Framework-Dependent vs Self-Contained Trade-offs

Framework-Dependent

dotnet publish -c Release -r linux-x64 --self-contained false

Advantages:

  • Smallest artifact (1-5 MB)
  • Serviced by runtime updates (security patches applied by runtime, not app rebuild)
  • Faster publish times

Disadvantages:

  • Requires matching .NET runtime on target
  • Runtime version mismatch causes startup failures
  • Users must manage runtime installation

Self-Contained

dotnet publish -c Release -r linux-x64 --self-contained true

Advantages:

  • No runtime dependency on target
  • App controls exact runtime version
  • Side-by-side deployment (multiple apps, different runtimes)

Disadvantages:

  • Larger artifact (60-80 MB without trimming)
  • Must rebuild and redistribute for runtime security patches
  • One artifact per target RID

Publishing Workflow

Local Development

# Quick local publish for testing
dotnet publish -c Release -r osx-arm64

# Verify the binary
./bin/Release/net8.0/osx-arm64/publish/mytool --version

Producing Release Artifacts

#!/bin/bash
# build-all.sh -- Produce artifacts for all target RIDs
set -euo pipefail

VERSION="${1:?Usage: build-all.sh <version>}"
PROJECT="src/MyCli/MyCli.csproj"
OUTPUT_DIR="artifacts"

RIDS=("linux-x64" "linux-arm64" "osx-arm64" "win-x64")
# Note: Native AOT cross-compilation for ARM64 on x64 requires platform toolchain
# See [skill:dotnet-cli-release-pipeline] for CI-based cross-compilation setup

for rid in "${RIDS[@]}"; do
  echo "Publishing for $rid..."
  dotnet publish "$PROJECT" \
    -c Release \
    -r "$rid" \
    -o "$OUTPUT_DIR/$rid" \
    /p:Version="$VERSION"
done

# Create archives
for rid in "${RIDS[@]}"; do
  if [[ "$rid" == win-* ]]; then
    (cd "$OUTPUT_DIR/$rid" && zip -q "../mytool-$VERSION-$rid.zip" *)
  else
    tar -czf "$OUTPUT_DIR/mytool-$VERSION-$rid.tar.gz" -C "$OUTPUT_DIR/$rid" .
  fi
done

echo "Artifacts in $OUTPUT_DIR/"

Checksum Generation

Always produce checksums for release artifacts:

# Generate SHA-256 checksums
cd artifacts
shasum -a 256 *.tar.gz *.zip > checksums-sha256.txt

See [skill:dotnet-cli-release-pipeline] for automating this in GitHub Actions.


Agent Gotchas

  1. Do not set RuntimeIdentifier in the .csproj for multi-platform CLI tools.
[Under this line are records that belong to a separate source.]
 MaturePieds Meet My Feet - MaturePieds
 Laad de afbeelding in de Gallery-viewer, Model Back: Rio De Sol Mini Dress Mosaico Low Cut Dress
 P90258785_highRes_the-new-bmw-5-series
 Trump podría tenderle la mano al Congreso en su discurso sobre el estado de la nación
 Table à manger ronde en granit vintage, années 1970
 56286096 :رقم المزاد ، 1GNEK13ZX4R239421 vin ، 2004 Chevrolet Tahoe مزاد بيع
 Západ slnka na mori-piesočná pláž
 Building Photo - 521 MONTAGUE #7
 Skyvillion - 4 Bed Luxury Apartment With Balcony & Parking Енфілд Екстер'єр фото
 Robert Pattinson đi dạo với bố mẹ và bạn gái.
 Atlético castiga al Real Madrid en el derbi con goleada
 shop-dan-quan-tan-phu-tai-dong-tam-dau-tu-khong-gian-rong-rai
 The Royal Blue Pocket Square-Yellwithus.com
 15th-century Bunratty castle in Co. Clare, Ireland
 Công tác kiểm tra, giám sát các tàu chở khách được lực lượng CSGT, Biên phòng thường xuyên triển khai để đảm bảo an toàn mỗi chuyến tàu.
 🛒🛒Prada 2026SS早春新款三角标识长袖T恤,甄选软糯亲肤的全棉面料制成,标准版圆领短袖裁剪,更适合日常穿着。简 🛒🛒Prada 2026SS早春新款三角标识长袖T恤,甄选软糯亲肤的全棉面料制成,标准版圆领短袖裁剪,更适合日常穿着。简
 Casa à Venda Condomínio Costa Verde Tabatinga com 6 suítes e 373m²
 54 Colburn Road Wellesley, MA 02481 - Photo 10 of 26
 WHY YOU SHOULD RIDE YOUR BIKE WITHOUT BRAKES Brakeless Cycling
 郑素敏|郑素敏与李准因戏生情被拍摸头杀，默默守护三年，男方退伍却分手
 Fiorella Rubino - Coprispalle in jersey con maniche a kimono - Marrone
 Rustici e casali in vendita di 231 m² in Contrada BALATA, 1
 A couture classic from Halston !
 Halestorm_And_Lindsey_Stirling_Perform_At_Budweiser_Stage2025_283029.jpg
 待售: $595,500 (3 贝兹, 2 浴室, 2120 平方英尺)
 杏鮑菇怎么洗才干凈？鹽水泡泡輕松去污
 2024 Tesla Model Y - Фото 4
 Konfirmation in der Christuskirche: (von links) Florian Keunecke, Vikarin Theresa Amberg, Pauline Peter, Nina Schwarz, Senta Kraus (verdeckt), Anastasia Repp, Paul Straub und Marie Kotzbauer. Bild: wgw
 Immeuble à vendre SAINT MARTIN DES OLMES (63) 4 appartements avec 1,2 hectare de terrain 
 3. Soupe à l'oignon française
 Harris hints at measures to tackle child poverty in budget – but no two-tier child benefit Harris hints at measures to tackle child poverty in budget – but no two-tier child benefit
Hardcoding a RID in the project file prevents building for other platforms. Pass -r <rid> at publish time instead.
  2. Do not use PublishSingleFile with PublishAot. Native AOT output is inherently single-file. Setting both is redundant and may cause confusing build warnings.
  3. Do not skip InvariantGlobalization for size-sensitive CLI tools. Globalization data adds ~25 MB to AOT binaries. Most CLI tools that do not format locale-specific dates/currencies should enable InvariantGlobalization=true.
  4. Do not distribute self-contained non-trimmed binaries. A 60-80 MB CLI tool is unacceptable for end users. Either trim (PublishTrimmed), use AOT, or distribute as framework-dependent.
  5. Do not forget to produce checksums for release artifacts. Users and package managers need SHA-256 checksums to verify download integrity. See [skill:dotnet-cli-release-pipeline] for automated checksum generation.
  6. Do not hardcode secrets in publish scripts. Use environment variable placeholders (${SIGNING_KEY}) with a comment about CI secret storage for any signing or upload credentials.